Mr. LEWIS: Because I had a certain amount of independence and Ragan said, this is going to be your project. He said, yes, I am the principle owner but I want you to run it, lend your expertise to it and create something that we can all be proud of. And that's what we tried to do. He invited several other people, fairly wealthy people, to join in the effort. Unfortunately, several of them did not put up the necessary funds that they agreed to put up. And so we lasted about two years but we created something that we really were proud of.

MARTIN: And obviously, you know, this paper, I don't know if people remember this, but some people will, that this paper was so significant that there are two big celebrities, Sammy Davis Jr. and Bill Cosby, heard that the paper was in financial trouble and tried to lend a hand or wanted to do something to lend a hand to keep the paper running. Why was it that important?

Mr. LEWIS: Because I think it was the first of its kind. It was kind of a prototype, and both of them were very impressed with the work that we were doing and the issues that we covered. And they flew me out to Lake Tahoe for a weekend and we talked seriously about the effort to keep the paper afloat. But again, by the time Sammy and Bill Cosby got involved, it was a bit late and Ragan made a decision to close the paper. He wasn't a sentimentalist. So we had a good run and we had to close it down.

MARTIN: Was his media focused on issues of particular interest to African-Americans? Or was it more that he was a businessman who happened to be African-American?

Mr. LEWIS: I think a little bit of both. Some of his radio stations were geared towards the white community. And many of them, of course, were geared toward the black community. And some there was some crossover. So Ragan Henry essentially was interested in creating anything that would make money and bring pride to the community and to himself. So he was a very ambitious guy.

MARTIN: As I mentioned that by 1990 he owned more than 60 broadcast stations as a first to do a number of things. He was known within the Philadelphia area, particularly, where he was also a partner in a major law firm and one of the first African-American to make partner in a major law firm in the area. But I don't think a lot of people know his name and he tended to shy away from, sort of, a lot of public acknowledgment.

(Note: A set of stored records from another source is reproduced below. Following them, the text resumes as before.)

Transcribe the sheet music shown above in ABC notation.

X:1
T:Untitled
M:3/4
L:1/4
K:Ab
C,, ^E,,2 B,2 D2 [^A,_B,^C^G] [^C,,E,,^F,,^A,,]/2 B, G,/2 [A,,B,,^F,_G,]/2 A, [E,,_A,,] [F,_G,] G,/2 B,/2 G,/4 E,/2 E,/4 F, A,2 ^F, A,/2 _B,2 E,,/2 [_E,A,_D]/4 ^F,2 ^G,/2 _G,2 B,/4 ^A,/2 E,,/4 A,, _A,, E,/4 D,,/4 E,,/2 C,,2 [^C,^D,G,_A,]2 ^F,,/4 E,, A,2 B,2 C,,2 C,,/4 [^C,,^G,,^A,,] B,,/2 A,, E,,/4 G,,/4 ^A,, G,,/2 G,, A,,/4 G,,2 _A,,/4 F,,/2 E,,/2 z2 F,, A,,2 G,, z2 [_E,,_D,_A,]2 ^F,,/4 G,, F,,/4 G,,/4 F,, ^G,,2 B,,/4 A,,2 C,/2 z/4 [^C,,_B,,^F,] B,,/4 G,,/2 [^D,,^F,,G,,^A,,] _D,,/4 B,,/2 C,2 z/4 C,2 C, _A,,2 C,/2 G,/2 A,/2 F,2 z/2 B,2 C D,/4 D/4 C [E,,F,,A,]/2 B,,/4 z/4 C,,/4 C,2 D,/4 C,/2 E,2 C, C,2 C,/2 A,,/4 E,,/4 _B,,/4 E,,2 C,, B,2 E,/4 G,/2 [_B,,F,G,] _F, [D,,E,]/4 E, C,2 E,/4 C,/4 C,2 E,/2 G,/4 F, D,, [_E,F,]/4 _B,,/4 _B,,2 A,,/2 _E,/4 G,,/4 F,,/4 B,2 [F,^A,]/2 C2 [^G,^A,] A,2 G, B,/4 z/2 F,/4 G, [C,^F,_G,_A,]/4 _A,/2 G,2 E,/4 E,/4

I mean, I remember one person I spoke to about him said that, you know, he had been approached to offer some charitable assistance to this particular cause. He did so. He actually attended the event, did not want any acknowledgment. Why is that?

Mr. LEWIS: Well, I think it was just his nature, you know. To be honest with you, I knew Ragan Henry well but when I think about it, I didn't know him at all because he was so private an individual that it was hard to get to know him. He was always pleasant, very intelligent, very capable. He enjoyed collecting oriental rugs. He loved to fish. But he didn't like to mix with crowds. He didn't like to spend a lot of time with a lot of people. He had a few close friends and he let it go with that. He enjoyed his family.

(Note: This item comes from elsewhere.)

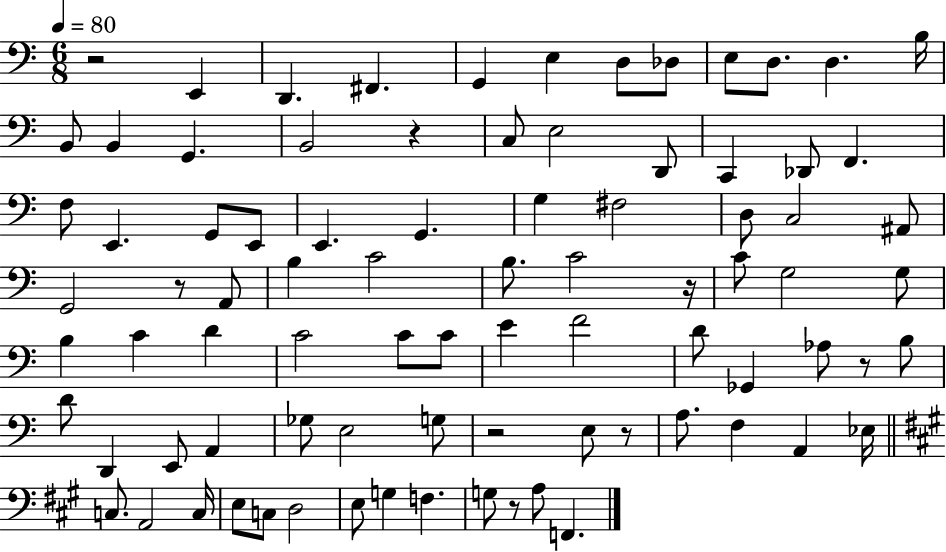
R/h E2/q D2/q. F#2/q. G2/q E3/q D3/e Db3/e E3/e D3/e. D3/q. B3/s B2/e B2/q G2/q. B2/h R/q C3/e E3/h D2/e C2/q Db2/e F2/q. F3/e E2/q. G2/e E2/e E2/q. G2/q. G3/q F#3/h D3/e C3/h A#2/e G2/h R/e A2/e B3/q C4/h B3/e. C4/h R/s C4/e G3/h G3/e B3/q C4/q D4/q C4/h C4/e C4/e E4/q F4/h D4/e Gb2/q Ab3/e R/e B3/e D4/e D2/q E2/e A2/q Gb3/e E3/h G3/e R/h E3/e R/e A3/e. F3/q A2/q Eb3/s C3/e. A2/h C3/s E3/e C3/e D3/h E3/e G3/q F3/q. G3/e R/e A3/e F2/q.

MARTIN: You know, some might wonder why we're just reporting on this death now when he died July 26th, and one reason is that it's been reported that he asked that there be no funeral, no memorial service and no obituary. Why on earth not?

Mr. LEWIS: Well, I think that was very fitting for the kind of individual he was. People should know about people like Ragan Henry because he made a massive contribution to the entire community. But at the same time, he enjoyed his privacy. He really thrived on his family and his children and a few friends that he maintained, and he loved the Lord, as well. But he didn't like to get out on the big arenas.

MARTIN: What do you think his legacy will be?

Mr. LEWIS: His life will have served to encourage other people to not just work at the area of communications but to create new vehicles that will enhance the entire community. He just enjoyed a good life and good times. And he was very kind individual. He was a gentleman.

MARTIN: Claude Lewis is a Philadelphia journalist and a former editor of The National Leader, that's a newspaper that was owned by media executive Ragan Henry, who died last month at the age of 74. Mr. Lewis, thank you so much for speaking with us.

Mr. LEWIS: Well, thank you very much for having me. I appreciate it.